Accessing the tax credits could be difficult or impossible for many US car buyers if any of the essential minerals within the EV battery have been processed outside the US, or in a country that does not meet the afore mentioned criteria.

The New Clean Vehicle Credit has the potential to significantly impact the global critical minerals value chain as, for example, EV components where lithium extracted in Australia, but processed by a foreign entity of concern (FEOC), may be ineligible for the tax credit. With annual Australian exports of copper, alumina, lithium and nickel expected to reach A$49b by 2027-28 according to Reuters, this development has the potential to re-configure the geography of current critical mineral processing operations. This could be an opportunity for Australian value-adding in mining, as well as to grow our battery market. 

However, with differing opinions on how a FEOC will be defined, there’s still a degree of uncertainty until final definition is released towards year-end.

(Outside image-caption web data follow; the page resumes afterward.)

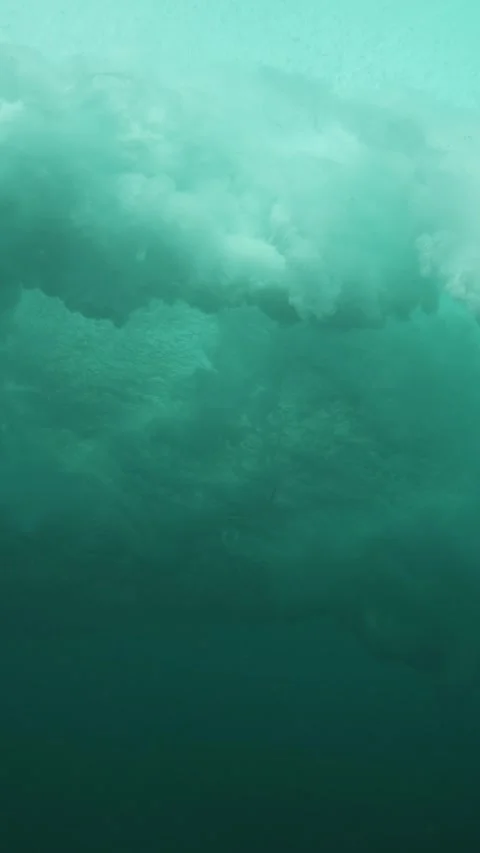 Underwater View of Turbulent Surf Waves Creating Dynamic Patterns Stock Footage 335197700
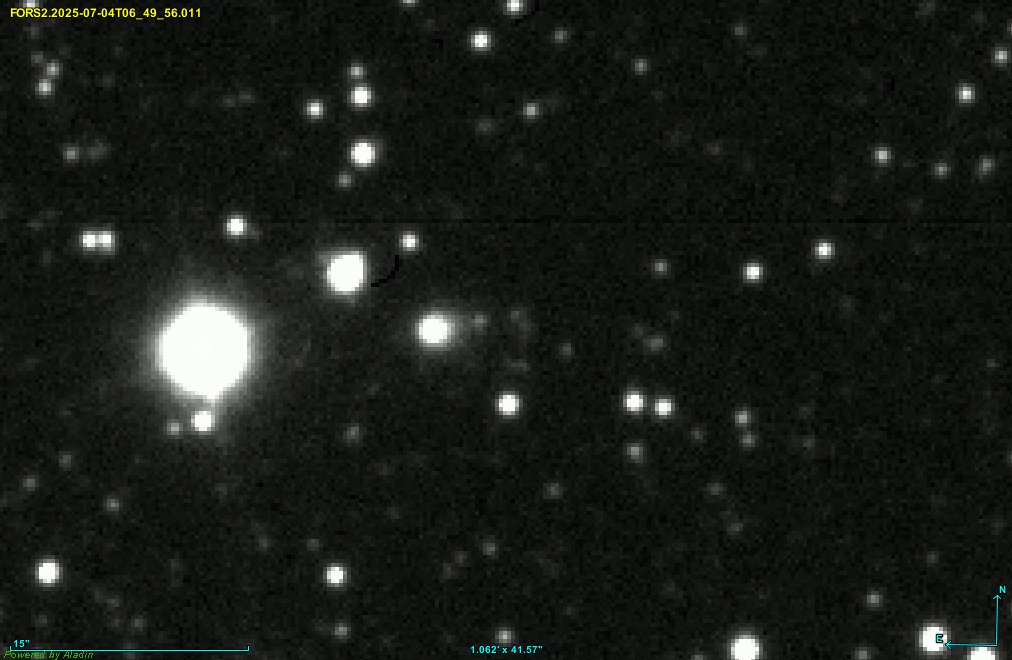 A dense field of white stars on black, with instrument and date text burned in at top left, a scale bar at bottom left and compass arrows at bottom right.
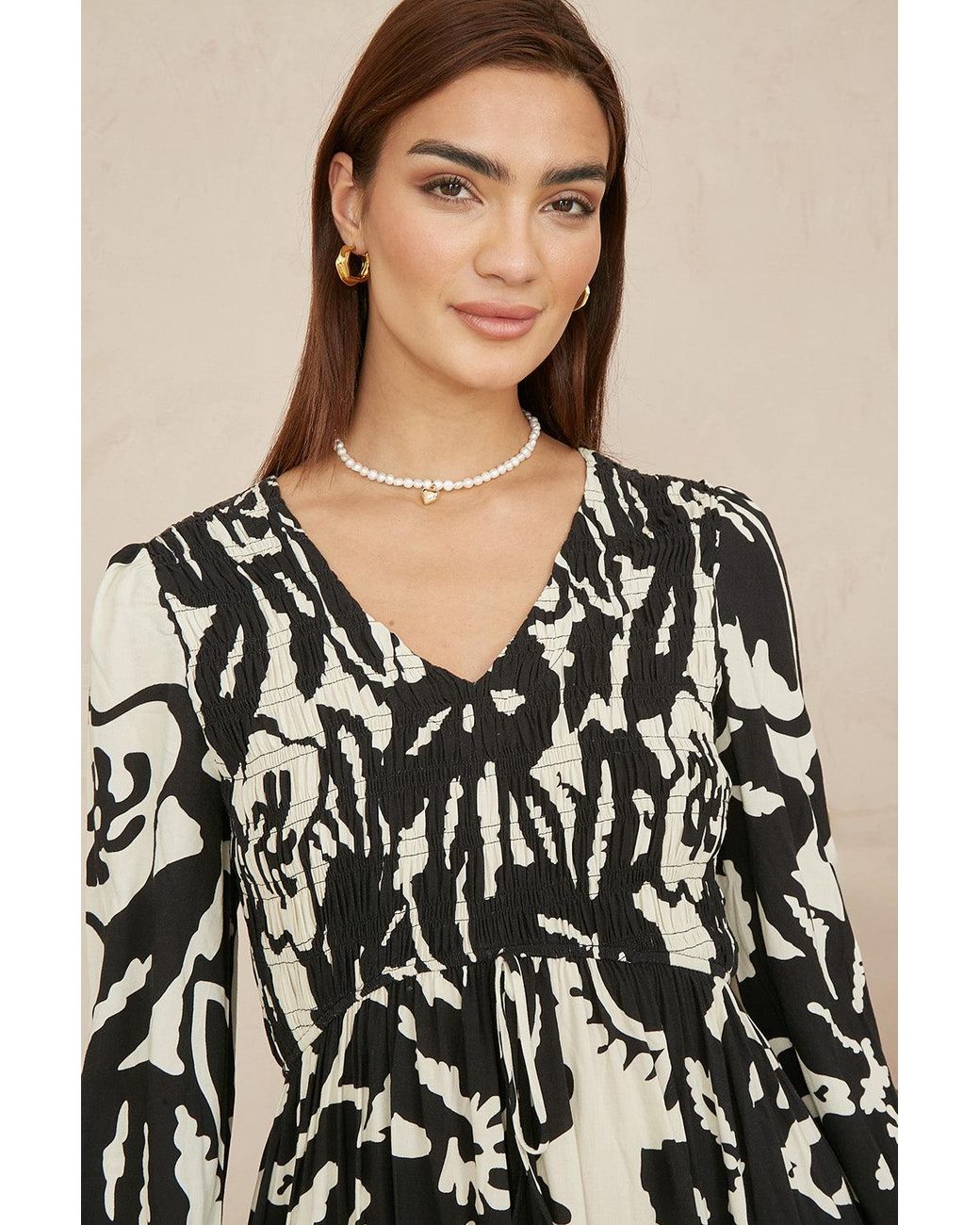 Yumi' Black Abstract Print Ruched Midi Dress With Long Sleeves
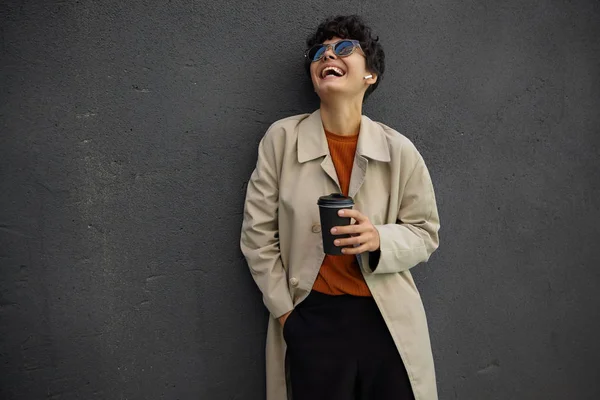 Vrolijke aantrekkelijke jonge krullende vrouw met donker kort haar vrolijk lachen en gooien haar hoofd terug, staande over stedelijke omgeving tijdens het drinken van koffie voor werkdag — Stockfoto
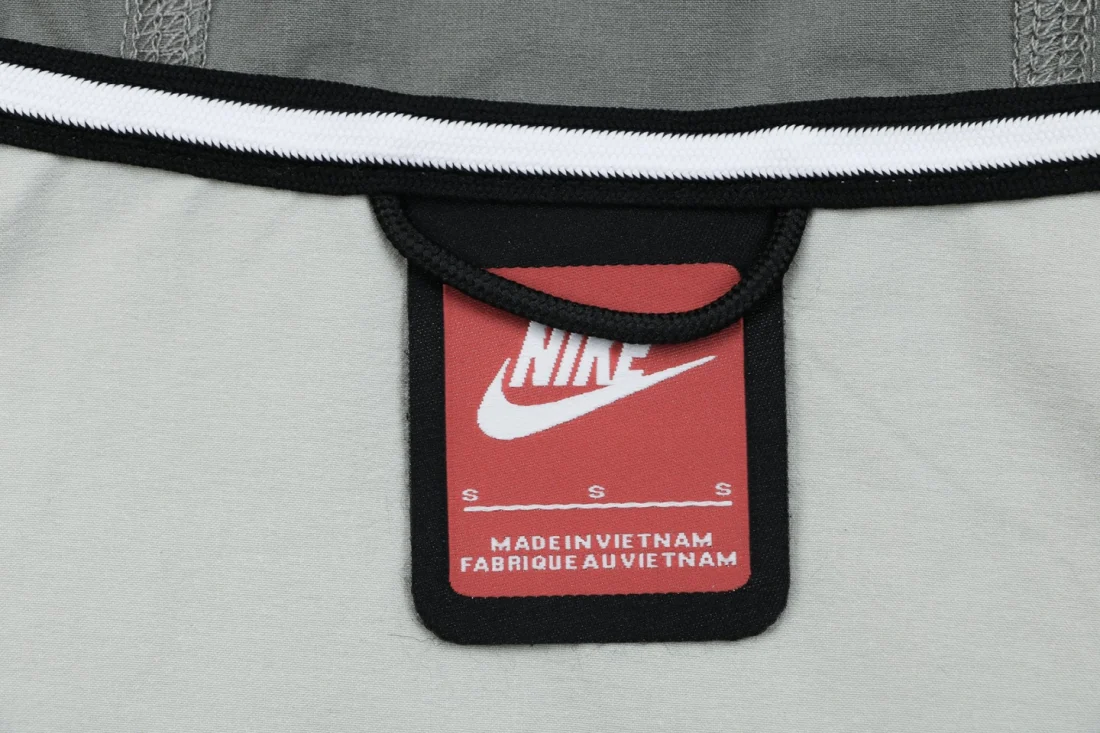 Nike Tech Windrunner V-Line Hooded Jacket Grey Brand label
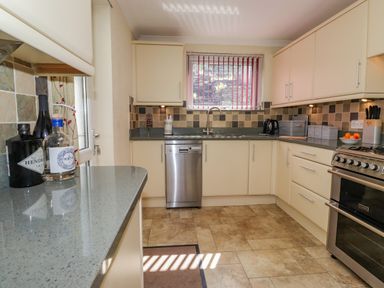 A kitchen with cream cabinets a stainless steel oven dishwasher and sink at Primrose Cottage in Ambleside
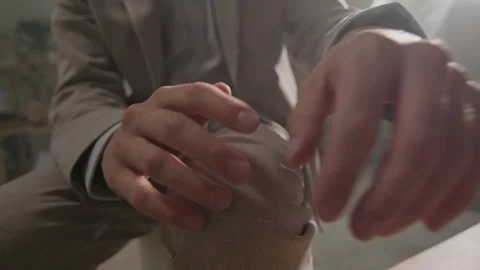 Man with coat holding hands while sitting in a stylish indoor setting Stock Footage 319955657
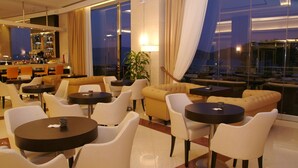 En moderne hotellobby med runde borde og sofaer, et barområde og store vinduer med gardiner.
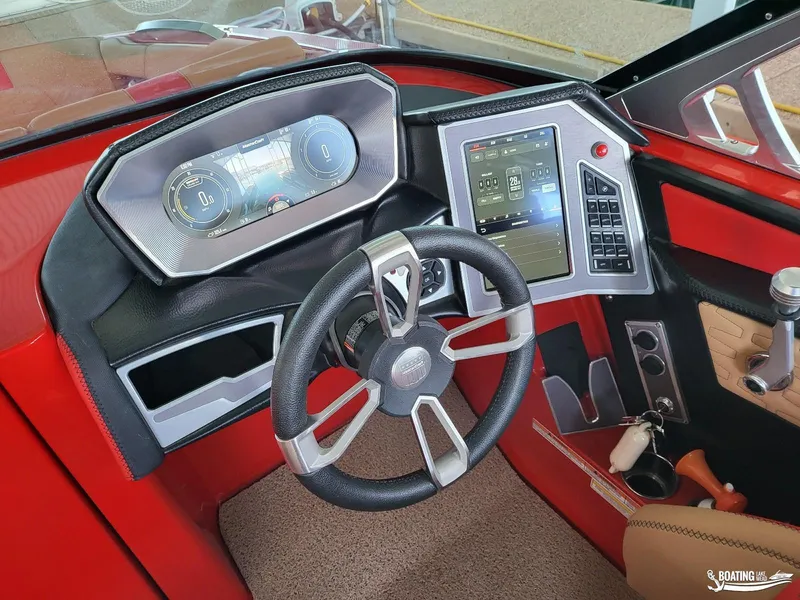 Slide: The Image of 2021 MasterCraft X26 boat dashboard with modern steering and digital controls. - 20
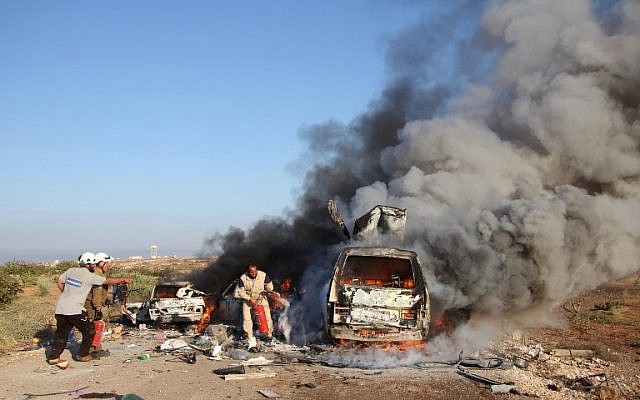 Syrian Civil Defense members, known as the White Helmets, search for survivors amid burning vehicles belonging to people fleeing in northern Hama, after they were reportedly targeted by a Syrian government forces air strike on September 1, 2016. (AFP PHOTO/Omar haj kadour)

Australian Government support will be instrumental in leveraging the opportunity this tax credit may present – with investment into building critical mineral processing and refining capability domestically instrumental to building critical mineral processing infrastructure and growing a domestic EV battery sector. Developing this onshore capability will not only diversify and disaggregate the global supply of critical minerals and EV components, but it will also support Australia’s agenda to build onshore sovereign manufacturing capability and increase participation in the global transition to net zero. For Australia, this could mean more on shore value adding, increased innovation, jobs of the future, economic growth and prosperity.

The Federal Government has already committed to support the Manufacturing sector with various programs, such as the National Reconstruction Fund, which provides A$1b for value-adding in resources, and the Industry Growth Program, which offers grants for projects across seven priority sectors, including resources technology and critical minerals processing. These initiatives support the Government’s vision to position Australia as a world leader in critical mineral processing and advanced manufacturing, and support the sector’s longevity in a dynamic, changing landscape from an innovation incentives stand-point.

Ahead on building onshore capability, Australian mining companies could consider strategic partnerships with key trading partners for processing, ensuring their domestically mined critical minerals meet the specified requirements to attract the tax credit.

This underscores the importance of reviewing and reshaping Australia’s trade policies. By reassessing trade policies, Australia can be strategically positioned to meet the growing demand for critical minerals by tapping into its significant resources and leveraging innovation incentives introduced to strengthen domestic processing capabilities, aligning with the Australian Federal Government’s sovereign manufacturing objectives.